Input data START

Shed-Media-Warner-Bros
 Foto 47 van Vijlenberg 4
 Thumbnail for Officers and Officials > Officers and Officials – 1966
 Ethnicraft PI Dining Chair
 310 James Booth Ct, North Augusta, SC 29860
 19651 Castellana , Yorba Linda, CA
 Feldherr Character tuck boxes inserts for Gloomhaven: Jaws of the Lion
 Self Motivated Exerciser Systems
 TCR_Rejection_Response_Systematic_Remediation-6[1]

Input data END

Once you reach the line with "Thumbnail for Officers" in the data above, copy it and every line after it exactly, up to and including the line with "Feldherr Character tuck".

Answer section:
 Thumbnail for Officers and Officials > Officers and Officials – 1966
 Ethnicraft PI Dining Chair
 310 James Booth Ct, North Augusta, SC 29860
 19651 Castellana , Yorba Linda, CA
 Feldherr Character tuck boxes inserts for Gloomhaven: Jaws of the Lion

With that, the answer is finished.